Adaptive Random Forest Regressor

This class implements the Adaptive Random Forest (ARF) algorithm, which is an ensemble regressor capable of adapting to concept drift.

ARF is implemented in MOA (Massive Online Analysis) and provides several parameters for customization.

See also capymoa.classifier.AdaptiveRandomForestClassifier See capymoa.base.MOARegressor for train and predict.

Reference:

Adaptive random forests for data stream regression. Heitor Murilo Gomes, J. P. Barddal, L. E. B. Ferreira, A. Bifet. ESANN, pp. 267-272, 2018.

Example usage:

>>> from capymoa.datasets import Fried
>>> from capymoa.regressor import AdaptiveRandomForestRegressor
>>> from capymoa.evaluation import prequential_evaluation
>>> stream = Fried()
>>> schema = stream.get_schema()
>>> learner = AdaptiveRandomForestRegressor(schema)
>>> results = prequential_evaluation(stream, learner, max_instances=1000)
>>> results["cumulative"].rmse()
3.659072011685404
__init__(
schema=None,
CLI=None,
random_seed=1,
tree_learner=None,
ensemble_size=100,
max_features=0.6,
lambda_param=6.0,
drift_detection_method=None,
warning_detection_method=None,
disable_drift_detection=False,
disable_background_learner=False,
)[source]#

Construct an Adaptive Random Forest Regressor

Parameters:
  • schema – The schema of the stream. If not provided, it will be inferred from the data.

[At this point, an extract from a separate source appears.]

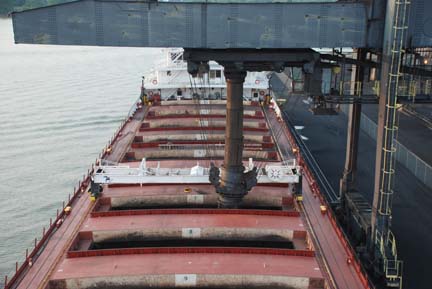 Looking down on ship's loading deck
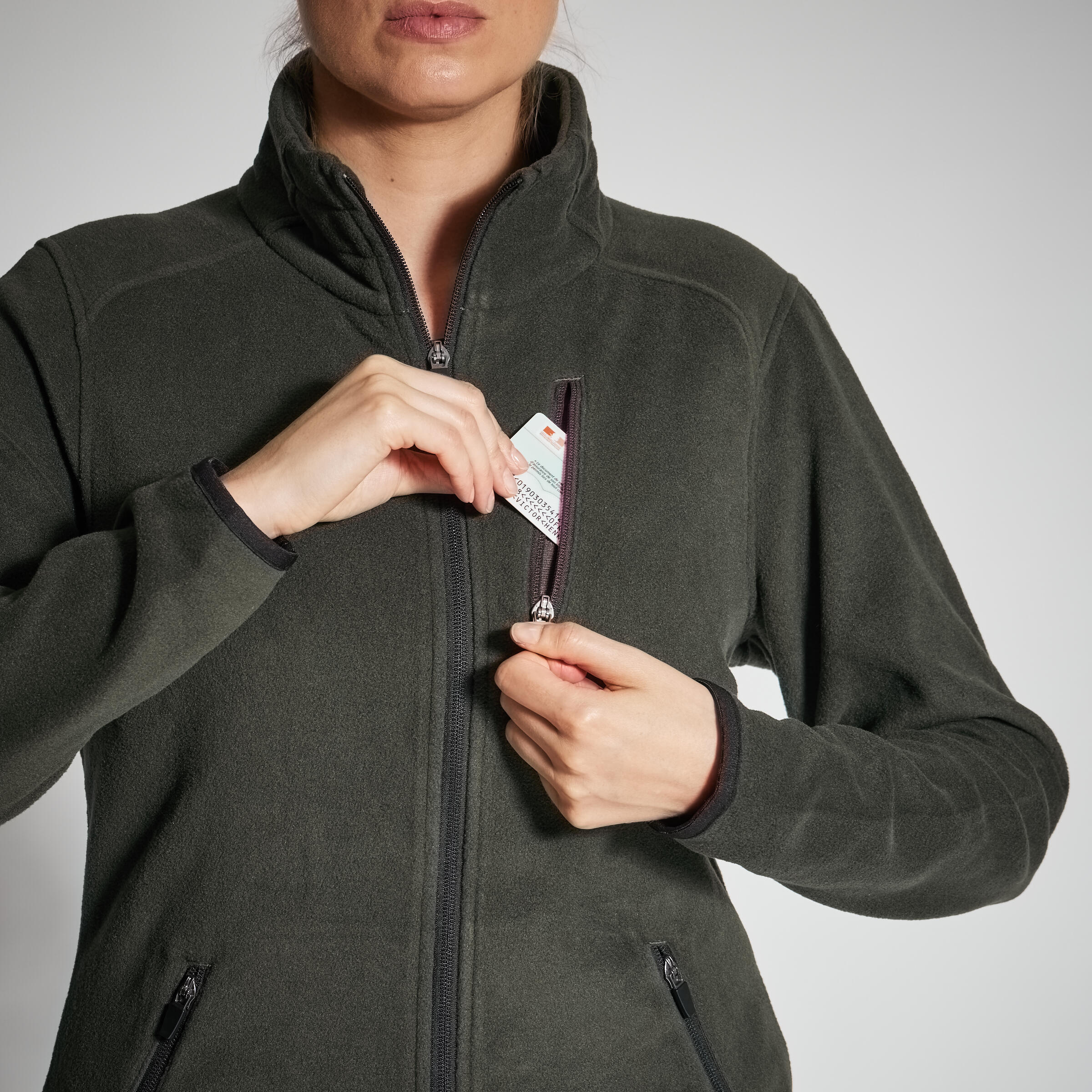 Forro polar caza 500 c lido perlante Mujer Solognac Decathlon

  • CLI – Command Line Interface (CLI) options for configuring the ARF algorithm. If not provided, default options will be used.

  • random_seed – Seed for the random number generator.

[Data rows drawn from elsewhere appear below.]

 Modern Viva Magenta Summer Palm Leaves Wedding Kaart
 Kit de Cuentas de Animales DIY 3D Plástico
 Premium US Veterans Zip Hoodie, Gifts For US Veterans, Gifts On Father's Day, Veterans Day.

  • tree_learner – The tree learner to use. If not provided, a default Hoeffding Tree is used.

  • ensemble_size – The number of trees in the ensemble.

  • max_features – The maximum number of features to consider when splitting a node. If provided as a float between 0.0 and 1.0, it represents the percentage of features to consider. If provided as an integer, it specifies the exact number of features to consider. If provided as the string “sqrt”, it indicates that the square root of the total number of features. If not provided, the default value is 60%.

  • lambda_param – The lambda parameter that controls the Poisson distribution for the online bagging simulation.

  • drift_detection_method – The method used for drift detection.

  • warning_detection_method – The method used for warning detection.

  • disable_drift_detection – Whether to disable drift detection.

  • disable_background_learner – Whether to disable background learning.

CLI_help()[source]#
predict(instance)[source]#
train(instance)[source]#